Scientists Convert Trappist-1 Planetary System Into Celestial Synth Music
Never before has the term “music of the spheres” been used so literally. Scientists have converted data from the Trappist-1 planetary system into almost-danceable synth music that may, in turn, help scientists understand how the strange system works.
The TRAPPIST Sounds project is at the center of a pretty sweet Venn diagram. On one side is astrophysicist Daniel Tamayo of the University of Toronto. On the other is musician Andrew Santaguida. And between them is musician/astrophysicist Matt Russo, who just so happens to be Santaguida’s bandmate and Tomayo’s office neighbor.
The announcement of Trappist-1’s discovery in February 2017 set off waves of excitement, and not just among scientists.
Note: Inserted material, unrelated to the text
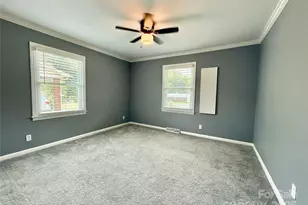 622 University Dr, Rock Hill, SC 29730 - Photo 2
The system’s seven planets are arrayed around a cool central star, and at least some exist in that most unlikely of spaces: a habitable zone. (The system's discoverers originally published that all seven could potentially harbor liquid water [PDF].) Playing into mounting public daydreams of exiting this planet for a better world, NASA even produced WPA-style Trappist-1 travel posters.
We won’t actually be packing for the stars any time soon, of course, but Trappist-1 does still represent an immense discovery, one we’ll be exploring from Earth for a long time.
Tamayo’s research involves investigating the paths of Trappist-1’s planets as they trace invisible rings around their star. Astronomers like Tamayo have converted each planet’s approximate location and movements into data. Russo and Santaguida converted that data into music and imagery.
Experimental though its orbits may sound to us, the Trappist-1 system is apparently a better composer than most of its peers. Russo tried music-ifying another seven-planeted-star, Kepler-90, with ear-splitting results. “It’s just horrendous,” he told The New York Times. “It’s very uncomfortable to listen to.”
Trappist’s clanging, banging notation could be as good as it gets. “I think Trappist is the most musical system we’ll ever discover,” Russo said. “I hope I’m wrong.”